The majority of them, yes. The reason for this being that - contrary to some perceptions and maybe even romantic notions of a "wandering minstrel" associated with the Spanish guitar - unamplified it is a VERY quiet instrument. Quieter, in fact, than a human voice, and at least 10-20 times quieter than many other unamplified instruments - trumpet, trombone, drums, bagpipes, piano; the list is extensive.

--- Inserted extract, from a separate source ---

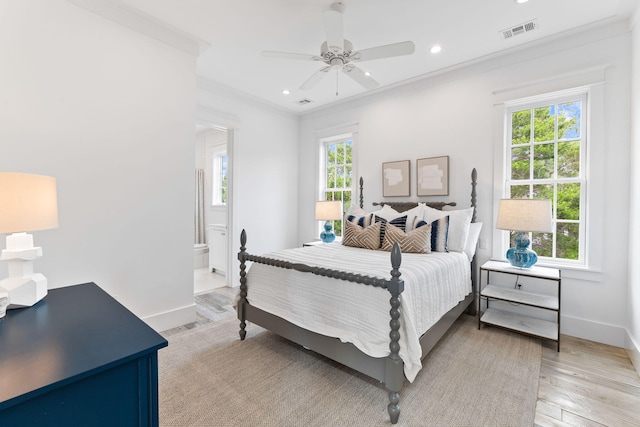 28 Rainer Ln, Inlet Beach, FL 32461 - bedroom featuring light wood-style floors, visible vents, baseboards, and ornamental molding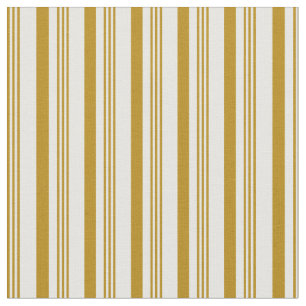 Tecido Dourado Escuro e Padrão Striped/Links Brancos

Therefore, with the exception of a small number of scenarios - such as a very small church with no more than 20 people in it and incredibly good acoustics - amplification really is a necessity if anyone is to actually hear the guitar, rather than just see it! There are still a number of options. If it is in a "concert performance" scenario, where the performance will be centred around seats and ticket sales, a silent, attentive audience and a stage, then the Spanish guitar can be mic'd up, thus giving a great natural sound.
In other scenarios, such as functions, parties, weddings, restaurants, festivals etc, this is not a feasible option due to varying amounts of "background noise" that would be picked up by an external microphone. Obviously an un-amplifed guitar in such settings could be easily drowned out by 3 people talking! For these situations I use a unique and highly customised guitar (customised by one of the top guitar technicians in the country) which combines the "plugged in" sound of the guitar with an internal microphone, along with some very specialised acoustic foam to eliminate certain frequencies that cause feedback. Add to this a compact PA system of extremely high quality and a great live sound that sounds like a "real Spanish guitar" is always guaranteed. To quote a member of the public at a recent performance ... "That is THE BEST amplified Spanish Guitar sound I have ever heard in my life."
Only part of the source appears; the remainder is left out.